# Tic-Tac-Toe (Noughts and Crosses)
# Updated Implementation of https://medium.com/@jelle.vankerkvoorde/enhancing-python-games-with-large-language-model-agents-a-noughts-and-crosses-case-study-31e6654b9f45

Even Opus and GPT-4 can't play tic tac toe optimally even when given:
* Game rules or not
* board every time or not
* valid moves or not

### fill .env file with ANTHROPIC_API_KEY=sk_
### for Colab, upload .env to Google Colab in Files

In [6]:
!pip install -q python-dotenv
import os
from dotenv import load_dotenv
load_dotenv()

# print(os.environ['ANTHROPIC_API_KEY'])
!pip install -q anthropic
import anthropic

import time

In [44]:
import random
import re
import ast
import copy

class NoughtsAndCrosses:
    def __init__(self, agent):
        self.agent = agent
        self.n = 3
        self.reset()

    def print_field(self):
        for row in self.board:
            print("|".join(row))
            print("-" * 5)

    def get_board_str(self, board):
        return "\n".join([" ".join(row) for row in board])

    def reset(self):
        self.board = [[str(i + j * self.n + 1) for i in range(self.n)] for j in range(self.n)]
        self.current_player = "X"

    def is_winner(self, player):
        for i in range(self.n):
            if all([cell == player for cell in self.board[i]]) or all([self.board[j][i] == player for j in range(self.n)]):
                return True
        if all([self.board[i][i] == player for i in range(3)]) or all([self.board[i][2 - i] == player for i in range(self.n)]):
            return True
        return False

    def is_board_full(self):
        return all(all(cell in ['X', 'O'] for cell in row) for row in self.board)

    def pos_to_row_col(self, position):
        # Convert the position to row and column
        row = (position - 1) // self.n  # Integer division to find the row
        col = (position - 1) % self.n   # Modulus to find the column
        return row, col

    def make_move(self, position):
        row, col = self.pos_to_row_col(position)
        if self.board[row][col] not in ['X', 'O']:
            self.board[row][col] = self.current_player
            return True
        return False

    def switch_player(self):
        self.current_player = "O" if self.current_player == "X" else "X"

    def start_game(self):
        while True:
            self.print_field()
            if self.current_player == "X":
                position = int(input("Enter your move (1-%s): " % (self.n*self.n)))
                if position < 1 or position > 9:
                    print("Invalid input. Please enter a number between 1 and %s." % (self.n*self.n))
                    continue
            else:
                position = self.agent.make_move(self.board, self.current_player)

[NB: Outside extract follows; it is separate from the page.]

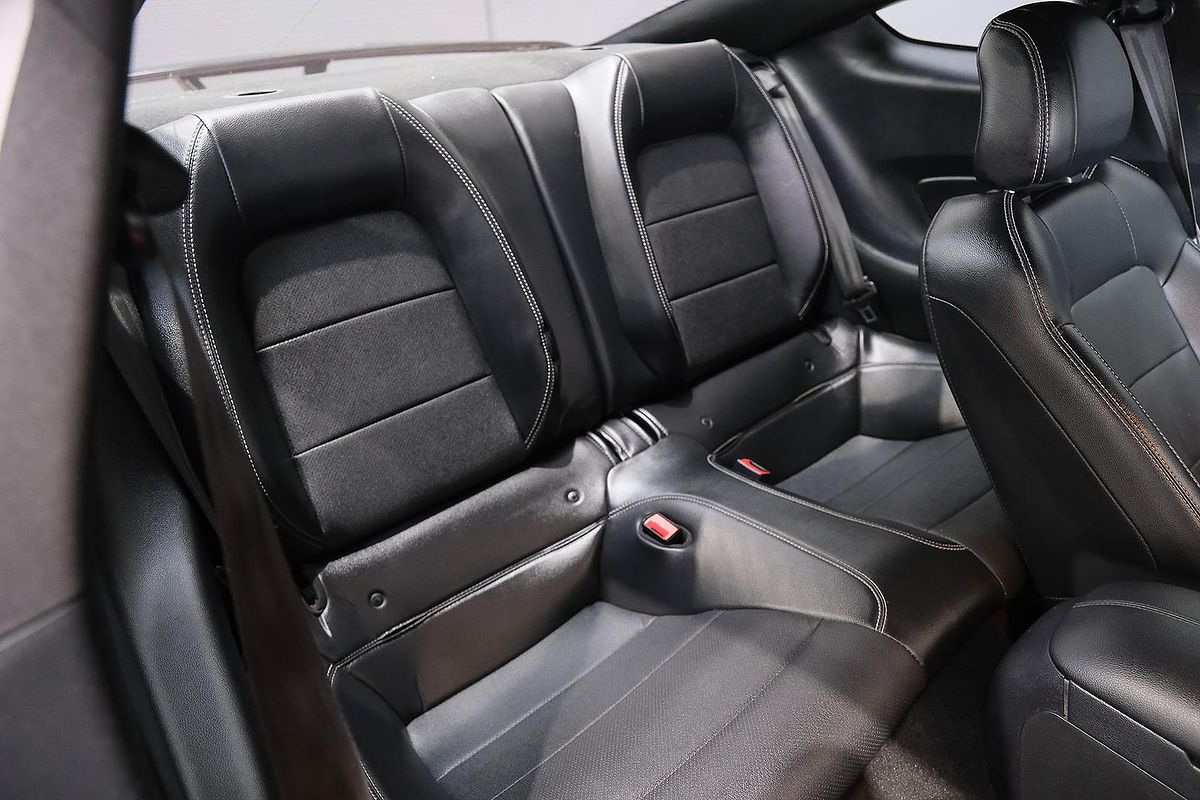 2018 Ford Mustang GT FN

            if self.make_move(position):
                if self.is_winner(self.current_player):
                    self.print_field()
                    print(f"Player {self.current_player} wins!")
                    break
                elif self.is_board_full():
                    self.print_field()
                    print("It's a draw!")
                    break
                self.switch_player()
            else:
                print(f"Invalid move {position} by {self.current_player}, try again.")
                break
        self.reset()


class RandomAgent:
    n = 3
    def make_move(self, board, player):
        # LLM logic to determine the move
        # Placeholder implementation; you'll need to integrate with an actual LLM here
        # For now, this just returns a random empty cell
        import random
        empty_cells = [(i, j) for i in range(self.n) for j in range(3) if board[i][j] not in ['X', 'O']]
        return random.choice(empty_cells) if empty_cells else (0, 0)


class LLMAgent:
    n = 3
    game_rules = (
        "I am an AI playing 'Noughts and Crosses' (also known as Tic-Tac-Toe). "
        "The game is played on a %sx%s grid. Each player takes turns placing their symbol (X or O) in an empty cell. "
        "A cell is considered empty if it does not already contain an X or an O. "
        "The first player to align three of their symbols horizontally, vertically, or diagonally wins. "
        "If all cells are filled and no player has aligned three symbols, the game is a draw. "
        "I will play as one of the players. After receiving the current board state, "
        "I will determine my move and respond with just the the position of an empty cell where I want to place my symbol (O), "
        "I must choose a cell that is not already filled with an X or an O."
        "I must choose a value from 1 to %s." % (n, n, n*n)
    )

    def __init__(self):
        self.model = "claude-3-haiku-20240307"
        # self.model = "claude-3-opus-20240229"
        self.max_tokens = 3500
        self.client = anthropic.Anthropic()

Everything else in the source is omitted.